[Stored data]
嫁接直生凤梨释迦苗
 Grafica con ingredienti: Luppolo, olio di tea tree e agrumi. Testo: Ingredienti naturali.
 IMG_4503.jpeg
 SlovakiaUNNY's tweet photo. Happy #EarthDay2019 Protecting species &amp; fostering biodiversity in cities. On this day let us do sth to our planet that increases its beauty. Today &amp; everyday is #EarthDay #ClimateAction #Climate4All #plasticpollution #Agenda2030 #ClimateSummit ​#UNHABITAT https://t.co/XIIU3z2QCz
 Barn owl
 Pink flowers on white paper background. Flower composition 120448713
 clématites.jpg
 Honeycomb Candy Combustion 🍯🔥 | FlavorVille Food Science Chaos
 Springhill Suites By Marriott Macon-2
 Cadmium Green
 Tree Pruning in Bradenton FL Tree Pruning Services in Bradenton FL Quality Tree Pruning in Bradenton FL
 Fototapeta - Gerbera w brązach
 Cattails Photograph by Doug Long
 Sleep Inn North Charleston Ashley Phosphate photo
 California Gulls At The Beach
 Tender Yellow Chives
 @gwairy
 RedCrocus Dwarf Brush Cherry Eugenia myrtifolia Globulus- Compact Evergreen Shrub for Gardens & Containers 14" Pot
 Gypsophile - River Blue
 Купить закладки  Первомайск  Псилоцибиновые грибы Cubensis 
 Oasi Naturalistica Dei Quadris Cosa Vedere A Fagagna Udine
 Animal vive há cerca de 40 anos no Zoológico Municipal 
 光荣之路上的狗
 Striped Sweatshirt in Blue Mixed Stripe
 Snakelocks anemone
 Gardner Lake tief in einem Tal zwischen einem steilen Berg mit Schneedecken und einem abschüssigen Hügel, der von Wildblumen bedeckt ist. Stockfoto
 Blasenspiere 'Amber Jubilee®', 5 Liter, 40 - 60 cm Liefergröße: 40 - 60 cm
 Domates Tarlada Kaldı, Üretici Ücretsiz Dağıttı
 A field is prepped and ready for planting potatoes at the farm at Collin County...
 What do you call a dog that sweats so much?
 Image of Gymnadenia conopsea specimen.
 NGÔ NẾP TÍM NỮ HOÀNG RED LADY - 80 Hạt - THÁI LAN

- ASSIGNED TASK -
Repeat the records above exactly, from the first line to the last.

- RESPONSE TO THIS TASK -
嫁接直生凤梨释迦苗
 Grafica con ingredienti: Luppolo, olio di tea tree e agrumi. Testo: Ingredienti naturali.
 IMG_4503.jpeg
 SlovakiaUNNY's tweet photo. Happy #EarthDay2019 Protecting species &amp; fostering biodiversity in cities. On this day let us do sth to our planet that increases its beauty. Today &amp; everyday is #EarthDay #ClimateAction #Climate4All #plasticpollution #Agenda2030 #ClimateSummit ​#UNHABITAT https://t.co/XIIU3z2QCz
 Barn owl
 Pink flowers on white paper background. Flower composition 120448713
 clématites.jpg
 Honeycomb Candy Combustion 🍯🔥 | FlavorVille Food Science Chaos
 Springhill Suites By Marriott Macon-2
 Cadmium Green
 Tree Pruning in Bradenton FL Tree Pruning Services in Bradenton FL Quality Tree Pruning in Bradenton FL
 Fototapeta - Gerbera w brązach
 Cattails Photograph by Doug Long
 Sleep Inn North Charleston Ashley Phosphate photo
 California Gulls At The Beach
 Tender Yellow Chives
 @gwairy
 RedCrocus Dwarf Brush Cherry Eugenia myrtifolia Globulus- Compact Evergreen Shrub for Gardens & Containers 14" Pot
 Gypsophile - River Blue
 Купить закладки  Первомайск  Псилоцибиновые грибы Cubensis 
 Oasi Naturalistica Dei Quadris Cosa Vedere A Fagagna Udine
 Animal vive há cerca de 40 anos no Zoológico Municipal 
 光荣之路上的狗
 Striped Sweatshirt in Blue Mixed Stripe
 Snakelocks anemone
 Gardner Lake tief in einem Tal zwischen einem steilen Berg mit Schneedecken und einem abschüssigen Hügel, der von Wildblumen bedeckt ist. Stockfoto
 Blasenspiere 'Amber Jubilee®', 5 Liter, 40 - 60 cm Liefergröße: 40 - 60 cm
 Domates Tarlada Kaldı, Üretici Ücretsiz Dağıttı
 A field is prepped and ready for planting potatoes at the farm at Collin County...
 What do you call a dog that sweats so much?
 Image of Gymnadenia conopsea specimen.
 NGÔ NẾP TÍM NỮ HOÀNG RED LADY - 80 Hạt - THÁI LAN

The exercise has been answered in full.